Littérature noire
20 Août 2018
Roddy Doyle. Curieusement, cet auteur irlandais semblait avoir un peu disparu du paysage. Pourtant, dans les années 90, on lui devait le remuant The Commitments et le très drôle The van, complété, dans ce qui est la trilogie de Barrytown, par The Snapper. Doyle exprimait là tout son sens de la proximité, de l'humanité, avec ce soupçon de fatalisme irlandais, une écriture simple mais dorée à l'amour des hommes et des femmes de ce pays.
Et le revoilà donc avec Smile. Vingt-cinq après, il n'a rien perdu de son sens de l'observation du genre humain, de son acuité. Victor Forde vient de quitter sa femme après quelque chose comme 20 ans de vie commune. Il s'est réinstallé dans un petit meublé de Dublin et tente de se reconstruire une nouvelle sociabilité. Pas facile, parce que sa femme, Rachel, est l'une des icônes de la réussite au féminin dans la capitale irlandaise. Autant dire qu'il a grandi, comme il a pu, dans son ombre. Lui, voulait être écrivain. Il n'y est jamais arrivé. Il a fait de la radio et c'est d'ailleurs là qu'il s'est fait remarquer, prenant position contre l'avortement notamment. Au fil de sa toute récente vie de célibataire, il va croiser du monde au Donnelly's, le pub en bas de chez lui. Et d'abord cet étrange Fitzpatrick. Qui lui assure être un ami du collège. Quand ils allaient chez les frères chrétiens. Une rencontre qui fait remonter quelques souvenirs pas tous géniaux de cette époque : un vieux Frère qui vient écouter la messe qui sera chantée à son enterrement tout proche, un autre qui disparaît sans explication, des camarades qui le traitent de « pédé »...
Pour tout dire, le lecteur ne sait pas trop où il va dans Smile. Et peu importe, parce que c'est une tranche de vie irlandaise, un déroulé du quotidien. Sans aventures extraordinaires, sans bombes, sans violences. Ou presque. Roddy Doyle laisse quelque chose en suspens au fil des pages. Il installe une petite gêne. Quelque chose qui cloche. Chez Fitzpatrick ? Chez Rachel ? Dans cet univers de normalité, il y a un accroc. Et les vingt dernières pages viennent prendre le lecteur au cœur, une fin terrible qui redonne tout un autre sens à l'ensemble du livre, à toute la vie de ce néo-célibataire, le roman devient l'itinéraire d'un gâchis, d'un scandale.

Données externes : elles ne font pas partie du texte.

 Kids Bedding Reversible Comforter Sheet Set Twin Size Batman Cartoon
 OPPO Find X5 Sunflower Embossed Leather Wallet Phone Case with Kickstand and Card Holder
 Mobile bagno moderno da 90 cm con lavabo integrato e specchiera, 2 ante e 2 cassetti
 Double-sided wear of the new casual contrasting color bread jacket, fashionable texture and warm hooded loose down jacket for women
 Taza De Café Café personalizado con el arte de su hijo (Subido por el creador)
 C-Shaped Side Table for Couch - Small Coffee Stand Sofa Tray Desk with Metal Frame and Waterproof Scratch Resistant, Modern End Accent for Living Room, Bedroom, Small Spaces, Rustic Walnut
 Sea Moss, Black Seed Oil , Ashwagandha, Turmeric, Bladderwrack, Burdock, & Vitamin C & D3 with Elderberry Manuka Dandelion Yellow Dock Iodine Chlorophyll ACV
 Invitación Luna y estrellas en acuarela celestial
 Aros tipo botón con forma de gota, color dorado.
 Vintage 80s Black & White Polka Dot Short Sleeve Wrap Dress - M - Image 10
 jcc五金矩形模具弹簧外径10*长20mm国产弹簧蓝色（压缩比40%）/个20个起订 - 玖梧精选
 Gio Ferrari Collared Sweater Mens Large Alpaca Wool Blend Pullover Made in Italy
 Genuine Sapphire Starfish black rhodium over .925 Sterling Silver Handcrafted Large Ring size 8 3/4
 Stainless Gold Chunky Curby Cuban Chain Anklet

On ne se souvenait pas de Roddy Doyle ainsi : avec cette dimension acide, politique finalement. On est loin des histoires d'amitiés musicales, de familles tapageuse, là l'auteur se base sur de l'Histoire, des faits. Certes connus depuis, avérés, mais qui ont évidemment heurté, choqué et surtout traumatisé des milliers de jeunes irlandais. C'est bon que cela soit encore dit et écrit, pour faire comprendre à quel point la société a étouffé ces agissements, transformant les victimes en coupables, en menteurs. Doyle le dit avec ses mots, dans une narration faussement tranquille, faisant voler en éclats toute la quiétude d'une existence trop ordinaire.
Smile, (trad. Christophe Mercier), ed. Joelle Loesfeld, 247 pages, 19, 50 euros.